Publié le: 13 août 2021

Catastrophe annoncée et attendue

POSTFINANCE – C’est une histoire d’horreur bien connue: lorsque les fonctionnaires jouent aux entrepreneurs. S’il y a des bénéfices, ils les empochent. S’il y a des pertes, c’est au tour du contribuable de passer à la caisse. Et c’est exactement ce qui se passe avec le géant jaune.

Le Conseil fédéral veut permettre à Postfinance d’octroyer des hypothèques et des crédits de manière indépendante. Dans le même temps, la Poste – et donc la Confédération – doit céder sa majorité de contrôle à Postfinance. En d’autres termes, elle devrait être partiellement privatisée. Même au premier coup d’œil, l’absurdité de ce plan devient évidente.

Tout d’abord, il n’appartient pas à la Confédération de créer une nouvelle banque. La Poste a pour mandat de traiter les opérations de paiement. Rien de plus. Une nouvelle banque qui accorderait des crédits et des prêts constituerait à cette échelle un nouveau risque structurel. Une entreprise qui serait à nouveau «trop grosse pour faire faillite» et qui bénéficierait donc d’une garantie de l’État.

Deuxièmement, et de manière encore plus absurde, Postfinance est tellement en difficulté qu’elle ne pourrait pas être privatisée sans une garantie de capital.

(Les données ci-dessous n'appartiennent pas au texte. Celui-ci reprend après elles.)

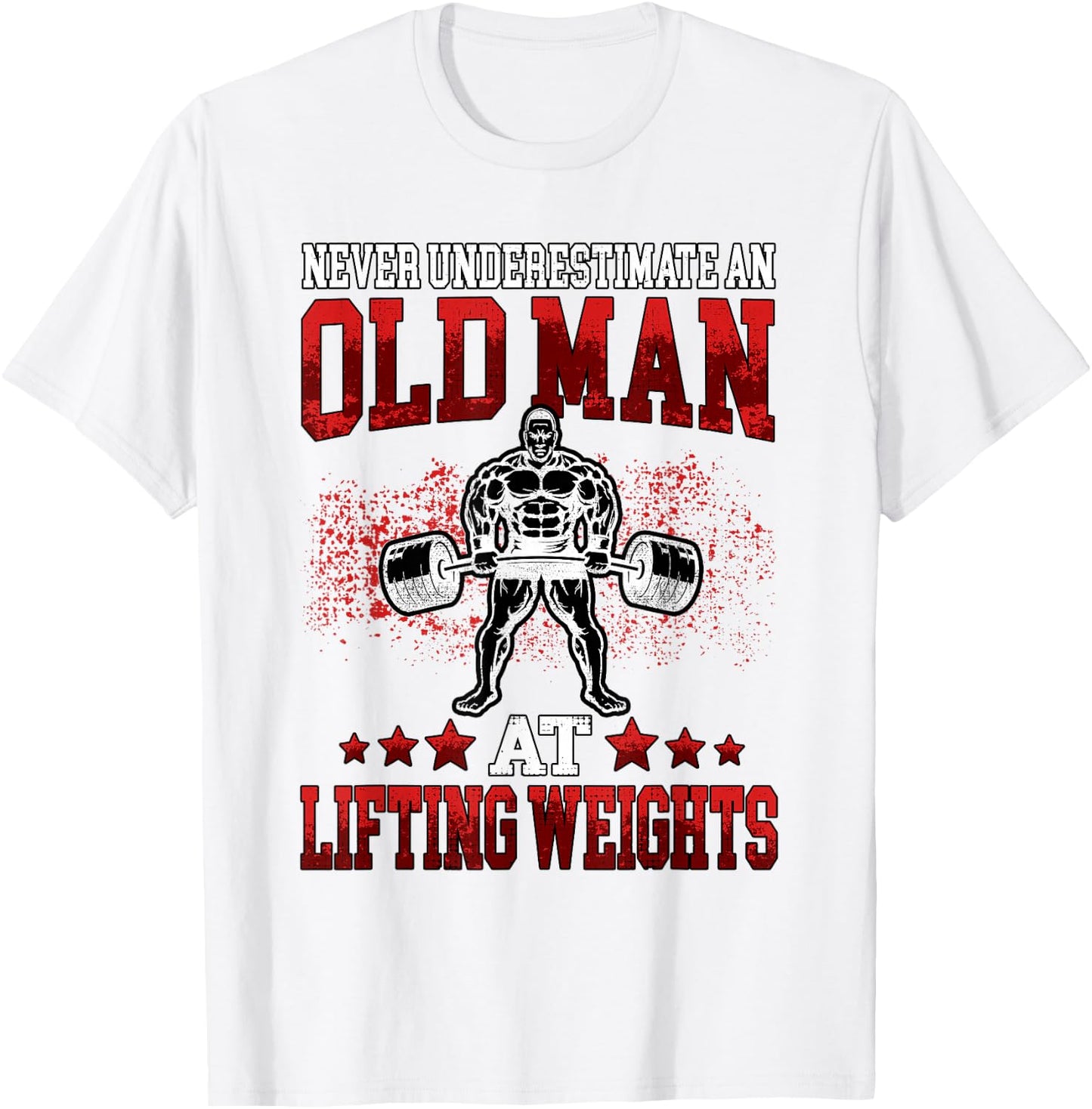 Fitness Old Man Pumping Gym Workout Gym T-Shirt - T-Shirt | White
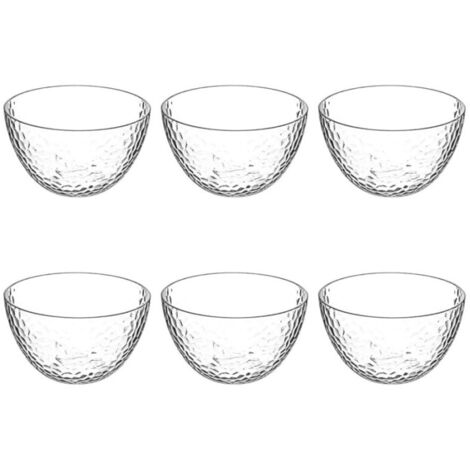 Lot de 6 Coupelles Plastique Réutilisable "Martelé" 14cm Transparent (1/2)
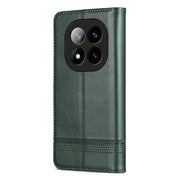 For Redmi Note 14 Pro+ 5G AZNS Magnetic Calf Texture Flip Leather Phone Case(Dark Green)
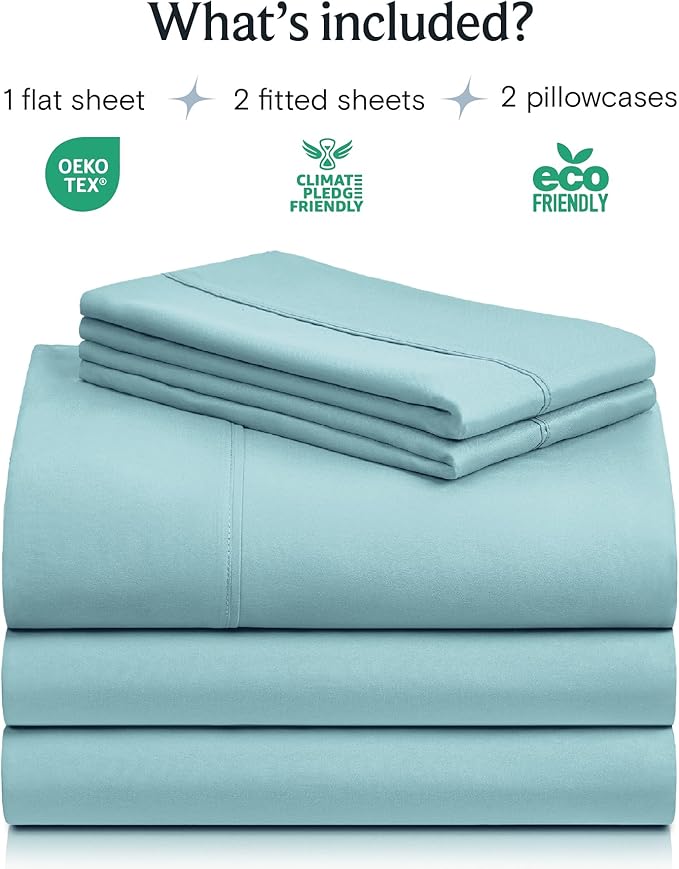 LuxClub 5 PC Split King Sheet Set, Breathable Luxury Bed Sheets, Deep Pockets - Image 2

Pour vendre Postfinance, la Confédération devrait la refinancer à hauteur de 1,7 milliard de francs. En général, le vendeur gagne de l’argent. Avec la Poste, c’est l’inverse. Mais c’était à prévoir ...

Un parfum de cupidité

Un simple coup d’œil au rapport annuel de Postfinance montre à quel point sa gestion est catastrophique. Avant tout, elle satisfait l’avidité de son conseil d’administration et de sa direction. Pour l’année 2020, le résultat de l’entreprise s’est élevé à 93 millions de francs. L’année précédente, il était de 224 millions. Le résultat a ainsi chuté de plus de 58% en un an. Une mauvaise nouvelle, pourrait-on penser? Ce n’est pas ce que l’on pense chez Postfinance: la même année, la rémunération du conseil d’administration et de la direction a augmenté. Le «board» postal s’est accordé une augmentation de salaire d’environ 3%. Pour le PDG, ce n’était «que» 1%. Il est intéressant de noter que le conseil d’administration a approuvé une augmentation du bonus de 4% pour le PDG. Pour quoi? Pour la baisse de 58% de la performance?

Bénéfices fondant tel un sorbet

Ces chiffres, aussi mauvais soient-ils, ne font que masquer la véritable ampleur de l’échec total du conseil d’administration et de la direction générale. Cinq ans plus tôt, en 2016, le résultat d’exploitation de Postfinance était de 542 millions de francs. Entre 2016 et 2020, ce résultat s’est effondré de 82%. Ces entrepreneurs en herbe ont roulé droit dans le mur.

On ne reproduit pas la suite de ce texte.